▶ _Aim of the exercise_: Would you please set down, word for word, the lines from the one with "企业管理者环境创新倾向及影响因素研究的开题报告_第1页" through the final line of the data below, omitting any pictures?

-------- Entries supplied --------

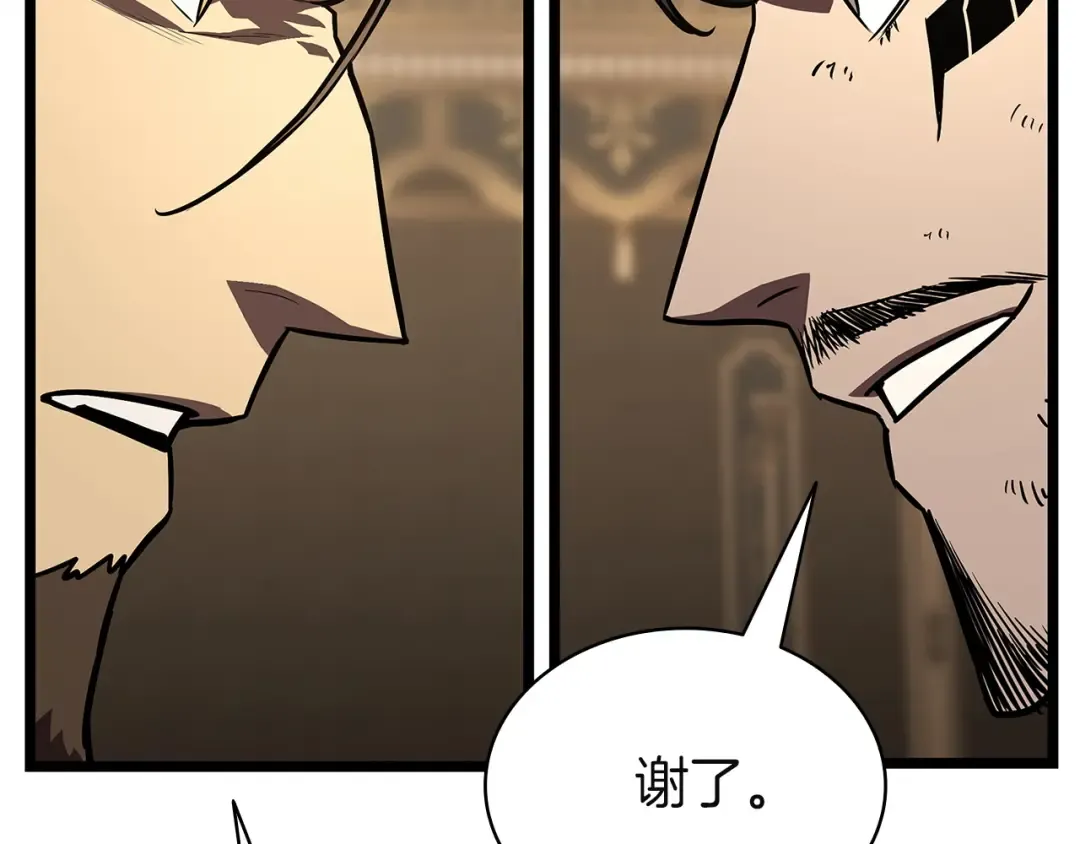 第146话 隔空喊话 第83页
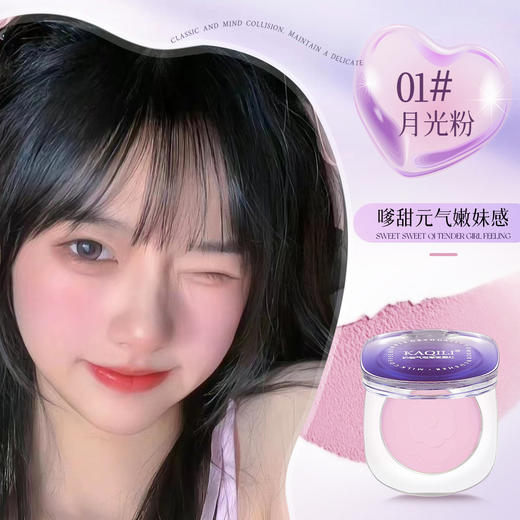 【奶咖气泡渐变腮红】卡琪丽奶咖气泡渐变腮红收缩色哑光自然不飞粉持妆提色修容腮红膏。ry 商品图4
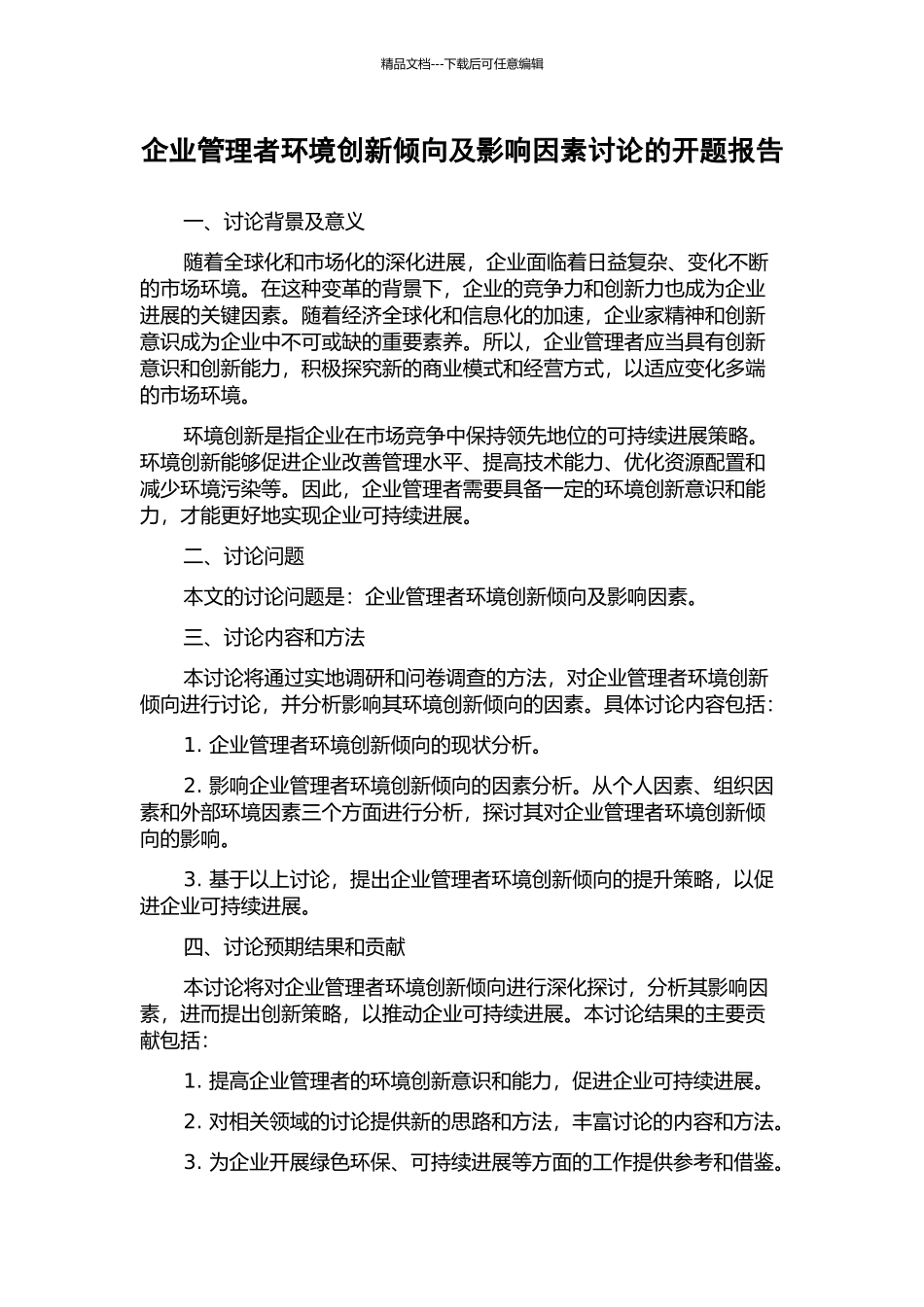 企业管理者环境创新倾向及影响因素研究的开题报告_第1页
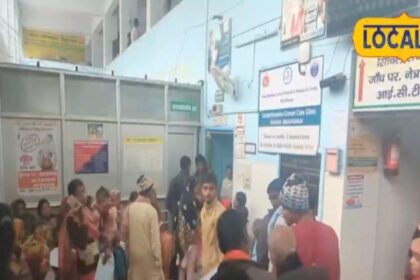This hospital of Bihar received 5 awards, Deputy CM handed over citation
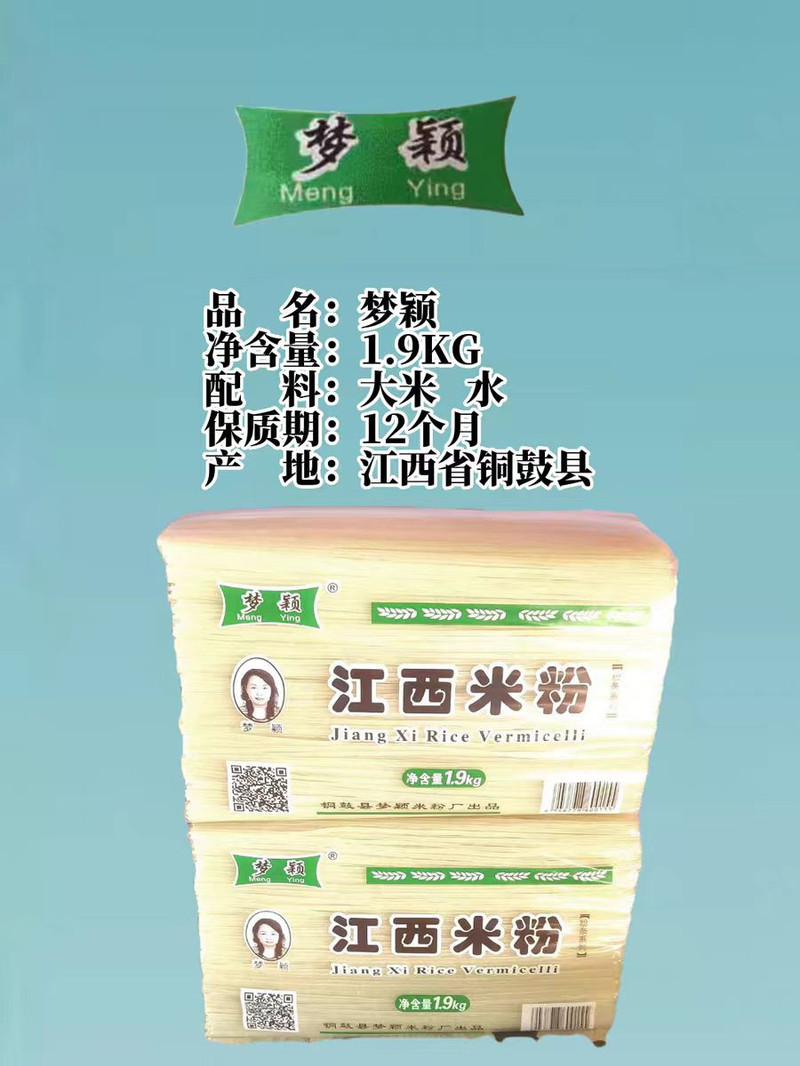 梦颖 【江西宜春】铜鼓正宗江西米粉干1.9kg/袋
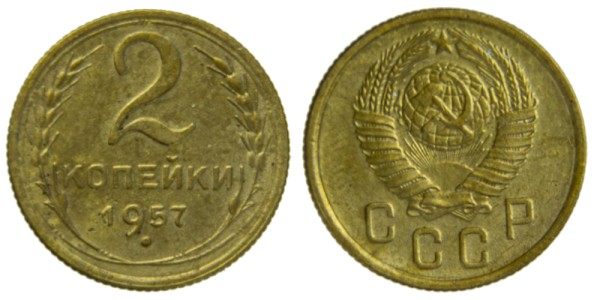 СССР, 2 копейки 1957 год,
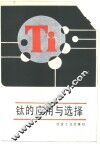 钛的应用与选择 封面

--------

▶ _Final answer_:
 企业管理者环境创新倾向及影响因素研究的开题报告_第1页
This hospital of Bihar received 5 awards, Deputy CM handed over citation
 梦颖 【江西宜春】铜鼓正宗江西米粉干1.9kg/袋
 СССР, 2 копейки 1957 год,
 钛的应用与选择 封面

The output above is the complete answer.